The Lower East Side is one of the best neighborhoods to eat in New York City, not simply because the restaurants are good, but because there are so many different kinds of them. Want a classic New York sandwich? Covered. An avant garde tasting menu? Again, covered. A party time scene for your birthday? Covered. An excellent vegetarian restaurant? That too. These are our favorites.
Contra serves a constantly changing tasting menu for $67, and it's not just the best on the Lower East Side, it's one of the best in the city. For interesting, unusual, sometimes weird-but-in-a-good-way food that won't bankrupt you, there is no better place to go than Contra.
A new small plates restaurant from the people behind Contra, Wildair is a great restaurant for a night out with friends. Assuming your friends are into things like beef tartare with smoked cheddar. It's not Contra 2.0, but it's a very good option nonetheless.
The original Russ & Daughters is an over-100-year-old institution, but it had one major flaw: nowhere to sit. The new nearby cafe has both seating and an extensive menu that adds eggs, platters, and even alcohol to the usual bagel and smoked salmon.
Simply put, some of the best ramen in New York, with an excellent outdoor patio to boot. The non-ramen portion of the menu - from meatballs to pastrami buns - is worth trying out as well.
The biggest icon of them all. Order pastrami, maybe a matzoh ball soup and fries, don't lose your ticket. Repeat.
Dinner at Mission Chinese is some of the most fun you have at a meal in New York right now. The menu is primarily made up of mouth-numbing Chinese food, but you can also order a pizza or a platter of oysters. All of this takes place in a big, incredibly fun room. Yes, the waits can be long, but come with a group, order a few rounds of Mission's "General Tso Old Fashioneds," and you'll be just fine.
Tiny place, tiny menu, incredible (and not tiny) sandwiches. The fried chicken on a biscuit and po boy are among the best you can find.
Think of Dimes as the global headquarters of hot people eating bowls of vaguely healthy food. And then know that all of that food - from grain bowls to acai bowls to a definitely not healthy egg sandwich - is excellent.
There are a number of restaurants on Essex Street that function as venues for drunken birthday parties. All things considered, most of them are... well... kind of the worst. But not Tijuana Picnic. The Mexican food is good, the space is cool, and it's generally a great time. Planning a group dinner for 10? Plan it here.
Dirt Candy has been known as the best, most inventive vegetarian restaurant in town for years. They recently moved to a bigger, shinier space and expanded to a bigger, shinier menu. It's still excellent. Make sure to order the Brussels sprouts tacos. Please trust us that they are better than they sound.

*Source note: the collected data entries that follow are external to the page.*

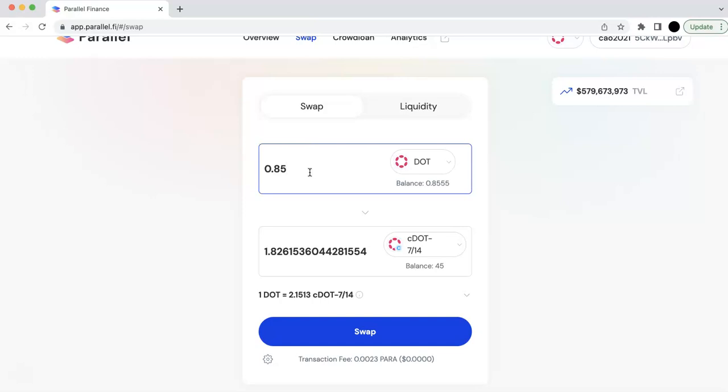So if I do it now, every DOT I have, I'm going to get like 2 CDOT. So that means every DOT, at the end of two years, I will get 2 dots.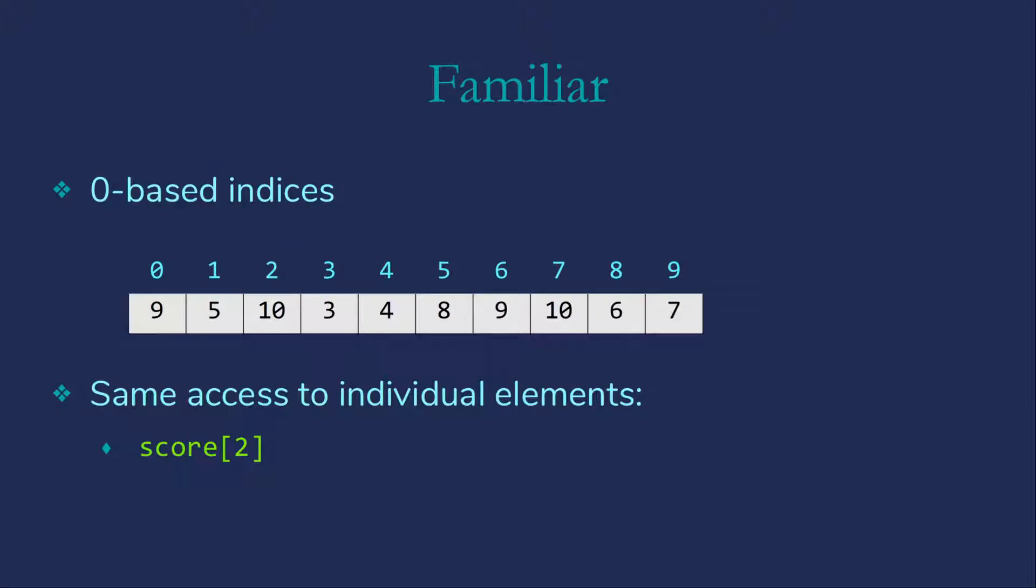Now the good news is that there are some familiar things about C++ arrays for Java programmers. They use zero-based indices just like Java. We'll also access individual array elements in exactly the same way. So if we think of this as the score array, we can see the indices run from 0 to 9 since it's a 10 element array.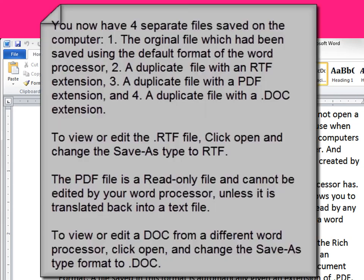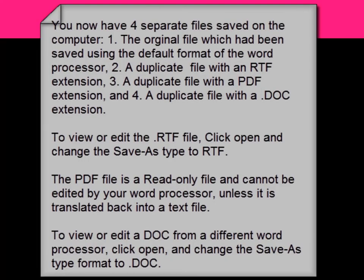Let's review what you have just seen. You now have four separate files saved on the computer. One, the original file which had been saved using the default format of the word processor. Two, a duplicate file with an RTF extension.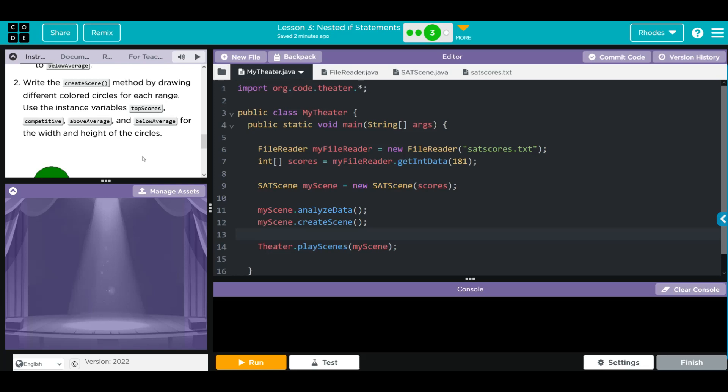If the value is less than or equal to 1010 or greater than or equal to 400, add one to below average. Then we're going to write the createScene method by drawing different colored circles for each range, using the instance variables topScore, competitive, aboveAverage, and belowAverage for the width and height of the circles.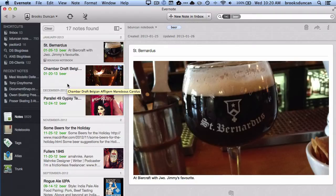Hey there, it's Brooks here from DocumentSnap.com, and today we're going to talk about how you can switch between Evernote accounts.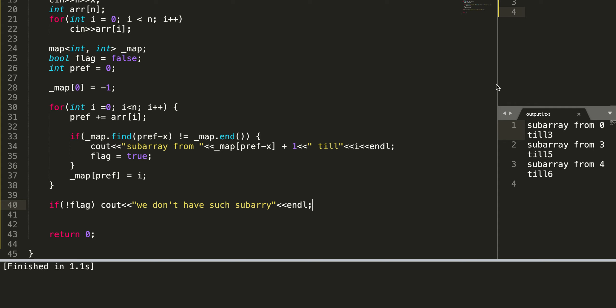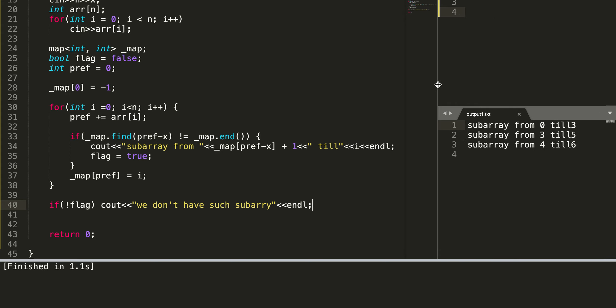As you can see from the given array, the output says 0 to 3, which is the correct result as we verified through our examples. Thank you guys for watching this video, I hope you enjoyed it.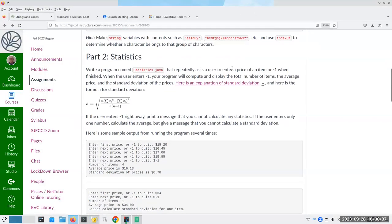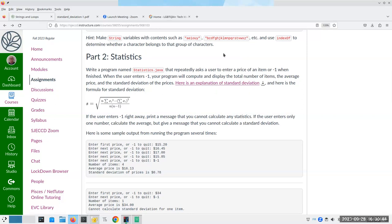Now let's talk about the second part, which is something called the standard deviation. I just added an explanation of what a standard deviation is. We're going to repeatedly ask the user to enter a price of an item, or negative one when they're finished — that's going to be our sentinel value. If you read the book, you know what a sentinel value is: it's a special value we use to detect when the loop should end. Then we compute and display the total number of items, the average price, and the standard deviation.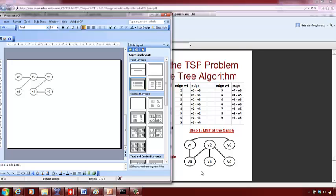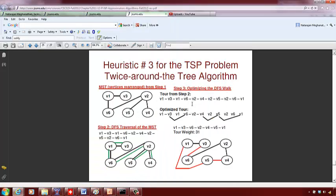I've slightly reorganized the same edges here to look more formal — it's the same minimum spanning tree. The second step is: once you construct a minimum spanning tree, perform a depth-first search traversal to get a walk that starts at one vertex, visits all vertices, and ends at the starting vertex.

By day, El Rey is an order-at-the-counter coffee shop serving pastries and salads. At night, it's a seated, table service (but still extremely casual) restaurant with dishes like mole with burrata and marinated chorizo with orange zest. We enjoy it at any hour.
A legendary breakfast counter in the Essex Street Market serving psychotic inventions like mac and cheese pancakes, run by an infamous dude who will yell at you if you ask for a substitution or come with more than four people. It's an experience.
Most Japanese soba restaurants are serious, hushed places. Cocoron is the opposite - it's tiny, noisy, and the menu is cartoon manga characters. In other words, it's great. The restaurant also has a bigger location a few blocks over in Nolita, which helps disperse the crowds. Order a "dip soba" - cold noodles that you dip into a little boiling flavorful hot pot.
Originally a Smorgasburg pop-up, Goa tacos are served on paratha, a thick and flaky Indian flatbread. The fillings are a fusion of everything from Indian to Mexican to Vietnamese flavors. Open until midnight on weekdays and 2 am on weekends, Goa now serves one of the best late night snacks on the Lower East Side.